LP: One last question as this tape's running out. What do you think you'll be known for, or hope to be known for, say, a hundred years from now?
BS: Well, I would hope that the genre is still alive a hundred years from now, and that I would be known as another 20th Century science fiction writer. Twentieth, or twentieth and twenty-first. I think that's the best you can hope for. I question whether I would have anything in print at that time. I wouldn't be too surprised if, every once in a while, say, one of my historical fantasies showed up. Because they're the stories that are least moored in a particular time period. Something like Islands In the Net, or anything that's heavily politicized, that is very, very redolent of its period. It will be of questionable relevance to anybody a hundred years from now. I would hope that somebody who was a writer a hundred years from now would have the same kind of feeling toward me that I have towards somebody like, say, Lafcadio Hearn.

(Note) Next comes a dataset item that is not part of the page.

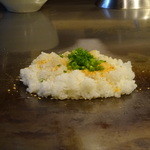 ステーキ池田 - ガーリックライスがセットされ・・・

LP: So you don't have any ambition to be, say, the Hume or Locke of the post-industrial era? Of technological change?
BS: I've read Hume and Locke, and I'm not of the intellectual caliber of Hume and Locke, okay? I'm just not that smart.
LP: Gee. Makes us depressed.
Michael Sambera: What?
LP: Well, if he's not that smart, it sort of puts us in perspective, huh?
MS: Yeah.
BS: You don't have to be the smartest guy in the world to do good work. You have to play the hand you're dealt. I think you do stuff that feels okay when it comes out. If you can just escape the stupid constraints on your own destiny, and the things that other people want you to do that are no good for you. If you can get that far, you've done very well for yourself. As for the rest of it, it's in the hands of Fate. There are more forgotten good writers then you could shake a stick at. There are people--like, say, Joseph Hergesheimer. Who the fuck is he? Very well known novelist in the teens and twenties and thirties. Like a Michener. Massively popular novelist. Died with pots of money. Just a lovely guy all around. He's dog meat! Nobody reads him. But, you know, that's not to say that in a hundred years the tone of society might not change, and it might be-- "The shockingly neglected, brilliant work of Hergesheimer! Hergesheimer! 20th Century's greatest legacy to the 23rd!" Fashions change. You just throw your bread on the waters, and you should be grateful to be given that chance.